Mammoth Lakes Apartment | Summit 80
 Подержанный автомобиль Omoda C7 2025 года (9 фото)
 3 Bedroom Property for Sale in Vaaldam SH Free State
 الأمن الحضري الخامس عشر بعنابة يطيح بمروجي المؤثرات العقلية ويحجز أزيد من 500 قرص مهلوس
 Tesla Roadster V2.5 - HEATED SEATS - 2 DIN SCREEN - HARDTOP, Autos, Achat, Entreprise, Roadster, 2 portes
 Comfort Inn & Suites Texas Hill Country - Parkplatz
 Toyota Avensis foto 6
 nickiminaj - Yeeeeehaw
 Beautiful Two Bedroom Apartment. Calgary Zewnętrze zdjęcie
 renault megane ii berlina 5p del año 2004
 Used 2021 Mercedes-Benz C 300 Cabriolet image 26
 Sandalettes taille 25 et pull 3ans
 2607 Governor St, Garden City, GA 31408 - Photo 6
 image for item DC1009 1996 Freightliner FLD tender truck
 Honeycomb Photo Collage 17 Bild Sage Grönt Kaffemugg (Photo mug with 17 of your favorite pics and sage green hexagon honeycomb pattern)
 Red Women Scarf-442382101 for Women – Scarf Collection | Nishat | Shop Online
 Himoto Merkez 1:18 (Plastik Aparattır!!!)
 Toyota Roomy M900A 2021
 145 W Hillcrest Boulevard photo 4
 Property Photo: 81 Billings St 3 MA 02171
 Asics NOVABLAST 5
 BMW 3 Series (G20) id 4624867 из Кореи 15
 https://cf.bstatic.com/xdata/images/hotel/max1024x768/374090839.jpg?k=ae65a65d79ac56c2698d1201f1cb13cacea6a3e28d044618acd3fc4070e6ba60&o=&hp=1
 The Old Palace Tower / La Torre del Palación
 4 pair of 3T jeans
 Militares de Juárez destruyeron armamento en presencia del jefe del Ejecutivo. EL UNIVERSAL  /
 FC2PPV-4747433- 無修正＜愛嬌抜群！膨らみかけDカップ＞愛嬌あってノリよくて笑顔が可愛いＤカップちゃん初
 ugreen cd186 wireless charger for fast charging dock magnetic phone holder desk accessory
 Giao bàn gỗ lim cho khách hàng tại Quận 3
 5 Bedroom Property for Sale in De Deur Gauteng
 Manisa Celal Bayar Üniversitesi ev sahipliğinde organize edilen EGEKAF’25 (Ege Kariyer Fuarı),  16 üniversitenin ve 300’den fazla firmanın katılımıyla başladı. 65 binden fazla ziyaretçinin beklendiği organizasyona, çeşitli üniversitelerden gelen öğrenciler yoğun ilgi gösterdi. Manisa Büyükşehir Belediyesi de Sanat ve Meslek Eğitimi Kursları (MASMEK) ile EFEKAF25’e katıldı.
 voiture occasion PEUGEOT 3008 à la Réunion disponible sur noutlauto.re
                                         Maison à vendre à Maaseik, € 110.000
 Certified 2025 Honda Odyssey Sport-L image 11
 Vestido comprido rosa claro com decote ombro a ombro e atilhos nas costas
:::
Output the material above exactly, but only from the line that carries "Himoto Merkez 1:18 (Plastik Aparattır!!!)" through the line that carries "Militares de Juárez".

TASK RESULT:
 Himoto Merkez 1:18 (Plastik Aparattır!!!)
 Toyota Roomy M900A 2021
 145 W Hillcrest Boulevard photo 4
 Property Photo: 81 Billings St 3 MA 02171
 Asics NOVABLAST 5
 BMW 3 Series (G20) id 4624867 из Кореи 15
 https://cf.bstatic.com/xdata/images/hotel/max1024x768/374090839.jpg?k=ae65a65d79ac56c2698d1201f1cb13cacea6a3e28d044618acd3fc4070e6ba60&o=&hp=1
 The Old Palace Tower / La Torre del Palación
 4 pair of 3T jeans
 Militares de Juárez destruyeron armamento en presencia del jefe del Ejecutivo. EL UNIVERSAL  /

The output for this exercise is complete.